Fort Burgoyne -Defending Dover in the Nineteenth Century

Dover was always a key objective for Napoleon, but he did not wish to mount a direct assault on the port from the sea, given the strength of the Royal Navy as well as the batteries along Dover’s seafront (such as Amherst and Townshend Batteries), Archcliffe Fort and the Castle itself. Instead he planned to take Dover form the landward side and the fortifications on the Western Heights were built in direct response to this line of military thinking.

Starting off as a series of simple earthworks, by 1802 serious plans had been drawn up by Lt Thomas Hyde Page and were well under construction. Former temporary guard houses at the sites we now know as the Citadel and the Drop Redoubt were demolished and replaced with brick buildings, including structures such as magazines, barracks, guard rooms and artillery towers. The marvellous triple spiral staircase known as the Grand Shaft was built in 1804, linking the top of the cliff directly with the seafront below.

While all this work was taking place on the Western Heights, major alteration work was ongoing at Dover Castle. A major mediaeval castle, it was no longer the formidable fortress it had once been due to the great advances made in artillery. Many of the castles towers and walls had to be lowered and reinforced in order to support this new weaponry, and help to defend the town of Dover by supporting the Drop Redoubt’s gunfire.

However, this did still leave the northern approaches to the town vulnerable, and Fort Burgoyne is the result of this realisation. Fort Burgoyne was started in 1861 and completed by 1868. This was exactly the same period during which the Western Heights was undergoing a major refit and modernisation and there are very many similarities between the two fortifications. Fort Burgoyne was originally armed with 29 guns, so was able to bring considerable firepower to bear in the event of an attack. This meant that by 1868 Dover was completely surrounded by fortifications; Fort Burgoyne to the north, Dover Castle on the east, the Western Heights to the west and the sea to the south, with the breakwater defences, batteries and Archcliffe Fort providing further defence.

Surrounded by a 35-foot wide ditch the fort is polygonal in shape and unusually is flanked by two wing redoubts connected to the fort by ditches. The Dover to Deal road crosses the eastern ditch and the Dover to Guston road crosses the western ditch. The fort was home to 270 men and 7 officers housed in casemented (bombproof from mortars) barracks situated around a central parade ground. Originally some of the guns were intended to be 7-inch Rifled Breech Loading guns but owing to some bad accidents and a poor standard of training these were replaced with the oldstyle muzzleloaders.

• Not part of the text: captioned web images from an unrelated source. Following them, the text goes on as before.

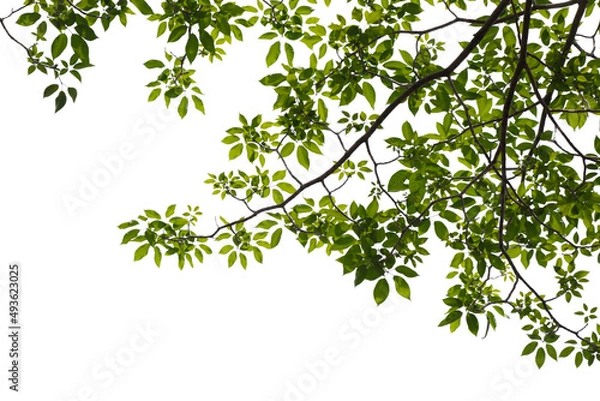 Fototapeta Green tree branch isolated on white background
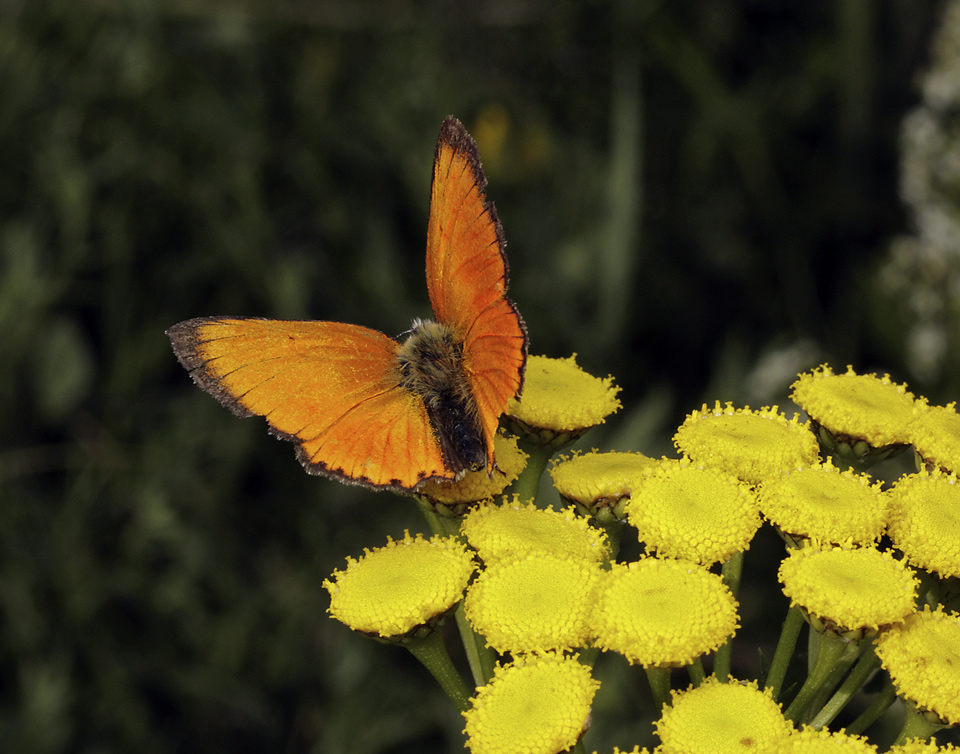 Scarce copper - larger format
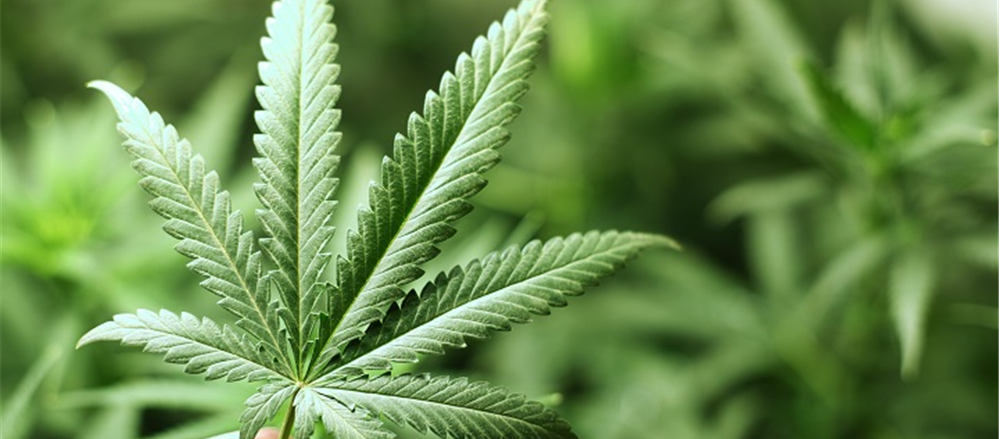 Is Creso Pharma on a Growth Spurt?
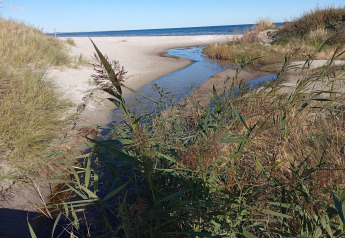 Udsigt til stranden ved Seaside Bliss i albaek, Danmark, med klitter, græs og blå himmel.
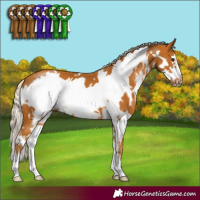 Horse Color:White Spotted Palomino Sabino Frame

By 1906 the large guns had been removed and replaced by machine guns, while during the First World War brick gun emplacements were built. In the Second World War concrete gun emplacements were added and the fort became home to two batteries of 25 pounder field guns.

In June 1861 work also began on the construction of bombproof casemated barracks to house 1 Field Officer, 6 officers, 217 men and two horses. These barracks were built by civilian contractors at a total cost of £29,508 but the remainder of the work was completed by military labour. In 1897 a hutted camp (Fort Burgoyne Huts also known as the red huts) was constructed adjacent to the fort on land previously occupied by Castle Hill Farm. In 1912-13 Fort Burgoyne Huts were replaced with Connaught Barracks.